In fact, the voluntary mortifications of Lenten resolutions have the potential to assist us in the endeavor of parenting mortification. We give up something we like or we add something (prayer, works of mercy) to our schedule as a penance, which reminds us of our sin and need for God's grace. No Lenten resolution can really make up for our sin, but God accepts any sacrifice that we do because the difference has already been made up through Christ's death on the cross. These daily Lenten sacrifices are akin to the daily sacrifices associated with parenting. If we train ourselves to make little voluntary sacrifices, e.g. no sugar in our coffee, going to bed on time, giving up chocolate, we are also training ourselves to make involuntary sacrifices as well. The opposite may also be true. That is, the better we become at parenting mortification, the better we can become at voluntary mortifications like our Lenten penances. Whether voluntary or voluntary, these mortifications are opportunities to die to self and live for God, growing closer to God and depending upon his grace. They should be mutually strengthening.

Next, it is important to remember the social nature of Lenten penance. Admittedly Lenten resolutions in the U.S. now tend to be a hodgepodge of sacrifices, ranging from giving up Diet Coke to writing a letter once a week. On the one hand, this lack of social support may make it more difficult to keep our resolution, and on the other hand, if we keep it well, it may make us prideful. For this reason, it is good to undertake the season of Lent with the knowledge that, even if it doesn't feel like it, Lenten penance is something we are doing together as a Church. To reinforce this, it can be helpful to try to do Lenten penances in a group. Maybe your family could decide to go meatless for Lent or you and your spouse together give up sweets. Sometimes friends or even parishes can commit to certain things, such as meeting to pray the Stations of the Cross or replenishing the parish food pantry by spending less on your own food. Penance is not intrinsically an individualistic practice, but a social one. We do penance as an act of the People of God, the mystical body of Christ, the Church.

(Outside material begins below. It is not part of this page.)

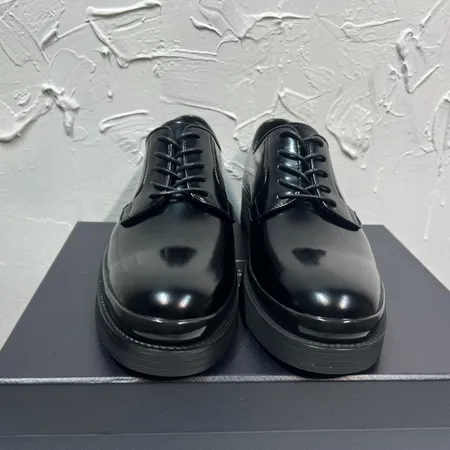プラダ ビジネスシューズ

And this is a great reminder for parenting mortification as well. Whenever we undertake the sacrifices of parenting - whether cleaning up vomit, changing a diaper, doing another load of laundry, or reading the same board book for the fortieth time - we are benefiting the Church as a whole, offering a prayer on her behalf for the world. It's true that no one may see us making these sacrifices. No one at the parish will know about them. And parenting can at times feel lonely or isolating. However, if we can make sacrifices generously, we can offer these mortifications as prayers for those in need, whether for people we know who are sick, suffering, lonely, poor or perhaps for all those around the world suffering from hunger or in the midst of political unrest. In so doing, we are connected immediately, involved in that mystical body.

Whether it is the voluntary penances of Lent or the involuntary mortifications of parenting, we are called to a conversion away from the self. We inconvenience ourselves purposely and we accept the inconveniences of parenting because this is what's best for us: to die to ourselves, to live for God, to benefit others, to embrace the cross of Christ with joy and to open ourselves to that grace given so generously to us.